Transcribe every entry exactly, with nothing added or left out.
=-=-=
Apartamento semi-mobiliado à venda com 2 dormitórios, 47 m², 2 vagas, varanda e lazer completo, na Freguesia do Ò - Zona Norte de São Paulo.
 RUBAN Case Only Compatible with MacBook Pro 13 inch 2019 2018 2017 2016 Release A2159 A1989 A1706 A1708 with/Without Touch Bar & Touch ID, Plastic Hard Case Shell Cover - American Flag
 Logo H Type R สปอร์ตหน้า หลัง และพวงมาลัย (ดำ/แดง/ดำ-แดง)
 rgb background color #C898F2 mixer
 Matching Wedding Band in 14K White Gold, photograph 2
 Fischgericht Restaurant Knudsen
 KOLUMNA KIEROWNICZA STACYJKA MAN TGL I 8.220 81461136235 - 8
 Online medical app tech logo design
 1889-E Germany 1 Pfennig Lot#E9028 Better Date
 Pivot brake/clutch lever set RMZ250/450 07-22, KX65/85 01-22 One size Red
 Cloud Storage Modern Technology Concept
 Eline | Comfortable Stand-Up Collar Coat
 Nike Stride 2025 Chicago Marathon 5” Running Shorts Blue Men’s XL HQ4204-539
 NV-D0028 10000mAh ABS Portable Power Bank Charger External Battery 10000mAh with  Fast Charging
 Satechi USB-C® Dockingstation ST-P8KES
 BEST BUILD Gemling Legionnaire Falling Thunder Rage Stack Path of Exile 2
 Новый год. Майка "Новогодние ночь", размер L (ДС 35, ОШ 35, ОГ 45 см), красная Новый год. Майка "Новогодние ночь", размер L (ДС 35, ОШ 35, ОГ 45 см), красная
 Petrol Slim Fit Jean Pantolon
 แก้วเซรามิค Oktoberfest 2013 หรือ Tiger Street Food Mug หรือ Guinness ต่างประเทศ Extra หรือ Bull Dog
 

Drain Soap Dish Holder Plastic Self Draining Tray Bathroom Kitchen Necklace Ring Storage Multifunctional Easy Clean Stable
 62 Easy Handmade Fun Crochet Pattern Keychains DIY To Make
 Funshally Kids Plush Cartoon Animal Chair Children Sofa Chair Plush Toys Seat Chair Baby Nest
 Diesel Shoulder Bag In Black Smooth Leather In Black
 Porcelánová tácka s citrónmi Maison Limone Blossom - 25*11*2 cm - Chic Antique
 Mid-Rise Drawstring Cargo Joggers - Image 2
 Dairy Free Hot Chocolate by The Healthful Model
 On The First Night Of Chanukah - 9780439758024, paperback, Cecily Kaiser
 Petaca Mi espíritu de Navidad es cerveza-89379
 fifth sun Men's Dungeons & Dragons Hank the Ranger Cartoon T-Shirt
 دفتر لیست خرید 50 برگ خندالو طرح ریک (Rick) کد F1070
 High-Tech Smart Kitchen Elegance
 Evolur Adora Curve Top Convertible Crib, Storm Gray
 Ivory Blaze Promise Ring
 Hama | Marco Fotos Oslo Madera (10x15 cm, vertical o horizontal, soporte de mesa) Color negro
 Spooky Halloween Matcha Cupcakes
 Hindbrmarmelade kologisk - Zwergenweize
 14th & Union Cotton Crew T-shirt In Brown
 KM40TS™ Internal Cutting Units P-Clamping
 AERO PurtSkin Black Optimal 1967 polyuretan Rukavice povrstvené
=-=-=
*RESULT FOR THIS EXERCISE*:
Apartamento semi-mobiliado à venda com 2 dormitórios, 47 m², 2 vagas, varanda e lazer completo, na Freguesia do Ò - Zona Norte de São Paulo.
 RUBAN Case Only Compatible with MacBook Pro 13 inch 2019 2018 2017 2016 Release A2159 A1989 A1706 A1708 with/Without Touch Bar & Touch ID, Plastic Hard Case Shell Cover - American Flag
 Logo H Type R สปอร์ตหน้า หลัง และพวงมาลัย (ดำ/แดง/ดำ-แดง)
 rgb background color #C898F2 mixer
 Matching Wedding Band in 14K White Gold, photograph 2
 Fischgericht Restaurant Knudsen
 KOLUMNA KIEROWNICZA STACYJKA MAN TGL I 8.220 81461136235 - 8
 Online medical app tech logo design
 1889-E Germany 1 Pfennig Lot#E9028 Better Date
 Pivot brake/clutch lever set RMZ250/450 07-22, KX65/85 01-22 One size Red
 Cloud Storage Modern Technology Concept
 Eline | Comfortable Stand-Up Collar Coat
 Nike Stride 2025 Chicago Marathon 5” Running Shorts Blue Men’s XL HQ4204-539
 NV-D0028 10000mAh ABS Portable Power Bank Charger External Battery 10000mAh with  Fast Charging
 Satechi USB-C® Dockingstation ST-P8KES
 BEST BUILD Gemling Legionnaire Falling Thunder Rage Stack Path of Exile 2
 Новый год. Майка "Новогодние ночь", размер L (ДС 35, ОШ 35, ОГ 45 см), красная Новый год. Майка "Новогодние ночь", размер L (ДС 35, ОШ 35, ОГ 45 см), красная
 Petrol Slim Fit Jean Pantolon
 แก้วเซรามิค Oktoberfest 2013 หรือ Tiger Street Food Mug หรือ Guinness ต่างประเทศ Extra หรือ Bull Dog
 

Drain Soap Dish Holder Plastic Self Draining Tray Bathroom Kitchen Necklace Ring Storage Multifunctional Easy Clean Stable
 62 Easy Handmade Fun Crochet Pattern Keychains DIY To Make
 Funshally Kids Plush Cartoon Animal Chair Children Sofa Chair Plush Toys Seat Chair Baby Nest
 Diesel Shoulder Bag In Black Smooth Leather In Black
 Porcelánová tácka s citrónmi Maison Limone Blossom - 25*11*2 cm - Chic Antique
 Mid-Rise Drawstring Cargo Joggers - Image 2
 Dairy Free Hot Chocolate by The Healthful Model
 On The First Night Of Chanukah - 9780439758024, paperback, Cecily Kaiser
 Petaca Mi espíritu de Navidad es cerveza-89379
 fifth sun Men's Dungeons & Dragons Hank the Ranger Cartoon T-Shirt
 دفتر لیست خرید 50 برگ خندالو طرح ریک (Rick) کد F1070
 High-Tech Smart Kitchen Elegance
 Evolur Adora Curve Top Convertible Crib, Storm Gray
 Ivory Blaze Promise Ring
 Hama | Marco Fotos Oslo Madera (10x15 cm, vertical o horizontal, soporte de mesa) Color negro
 Spooky Halloween Matcha Cupcakes
 Hindbrmarmelade kologisk - Zwergenweize
 14th & Union Cotton Crew T-shirt In Brown
 KM40TS™ Internal Cutting Units P-Clamping
 AERO PurtSkin Black Optimal 1967 polyuretan Rukavice povrstvené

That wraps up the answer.